Song by Chavela Vargas featuring Miguel Bosé

from the album Papito Special Edition CD2
- Released: 1998
- Genre: Pop
- Songwriter: Carlos Arturo Briz Bremauntz
- Producer: Juan Carlos Calderón

= Encadenados (song) =

Encadenados (Eng.: Chained) is the title of a very popular song written by Carlos Arturo Briz Bremauntz. This track has been recorded by a handful of artist including: Gualberto Castro, Luis Miguel, Nana Caymmi, Óscar Chávez, Dyango, Alejandro Fernández, Los Hermanos Reyes, Luishino, Armando Manzanero, Mina, Moncho, Los Montejo, Nelson Ned, Orquesta El Equipo, Ángel Parra, Anthony Ríos, María Martha Serra Lima, Sonora Maracaibo, Los Terrícolas, Trío Irakitan, Trío Los Panchos and Chavela Vargas. The version by Lucho Gatica is featured in Pedro Almodóvar's movie Entre tinieblas (Dark Habits).
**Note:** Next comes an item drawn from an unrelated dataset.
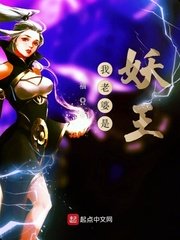 免费性爱视频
== Chavela Vargas and Miguel Bosé version ==

This song was recorded by Chavela Vargas and Miguel Bosé in 1998 for her album Chavela Vargas. The track was produced by Juan Carlos Calderón. The album was re-released on September 27, 2004 and the track was later included on the special edition of Bosé's album Papito.